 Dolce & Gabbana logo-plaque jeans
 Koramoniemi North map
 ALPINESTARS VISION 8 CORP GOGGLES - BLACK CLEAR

------------------------------------------------------------------------

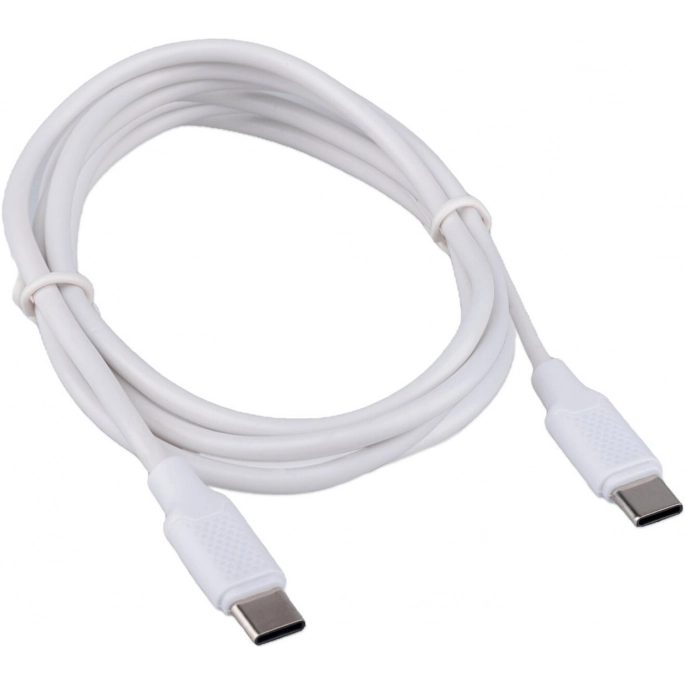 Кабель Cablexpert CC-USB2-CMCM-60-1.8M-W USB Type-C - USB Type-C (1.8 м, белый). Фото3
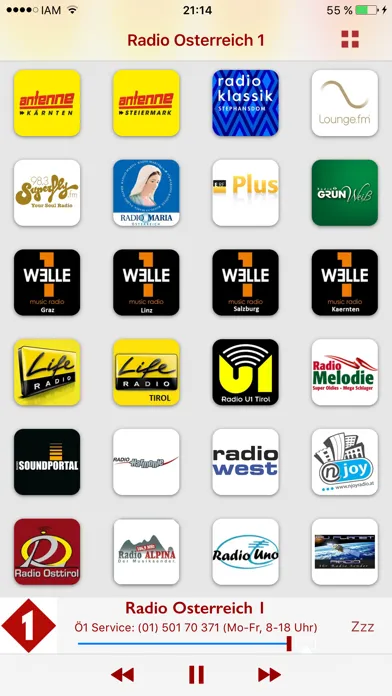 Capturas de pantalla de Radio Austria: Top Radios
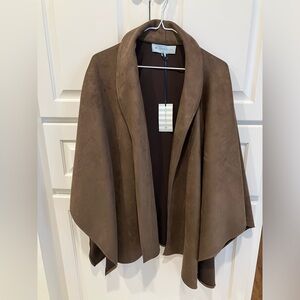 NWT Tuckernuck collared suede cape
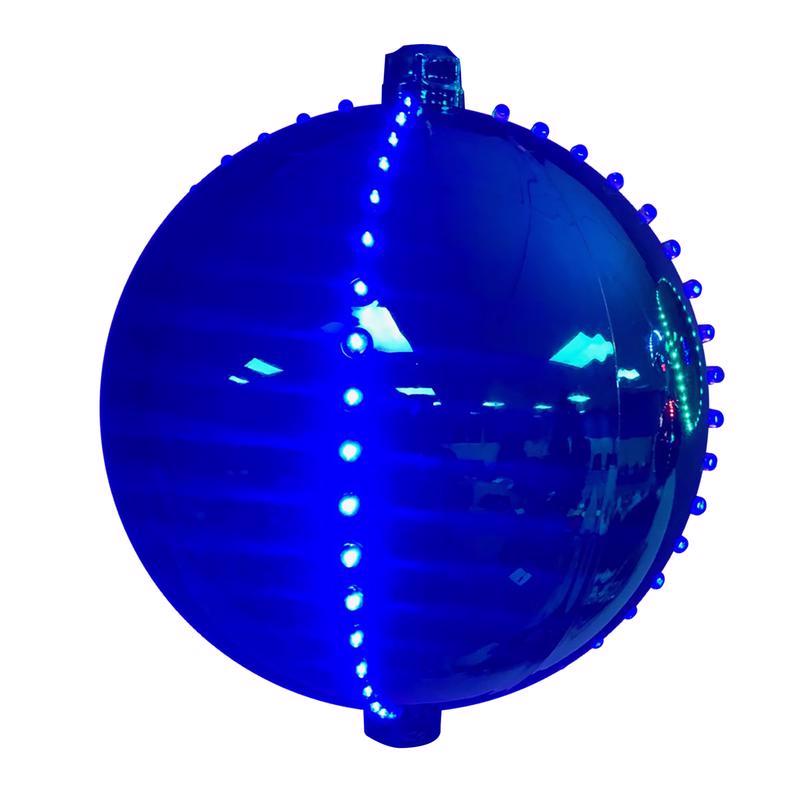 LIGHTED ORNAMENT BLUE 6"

------------------------------------------------------------------------

* **WHAT YOU SHOULD DO**
The response should be the listing above, limited to the lines between the one holding "Dolce & Gabbana logo-plaque jeans" and the one holding "ALPINESTARS VISION 8", inclusive, reproduced exactly.

* **RESPONSE**
 Dolce & Gabbana logo-plaque jeans
 Koramoniemi North map
 ALPINESTARS VISION 8 CORP GOGGLES - BLACK CLEAR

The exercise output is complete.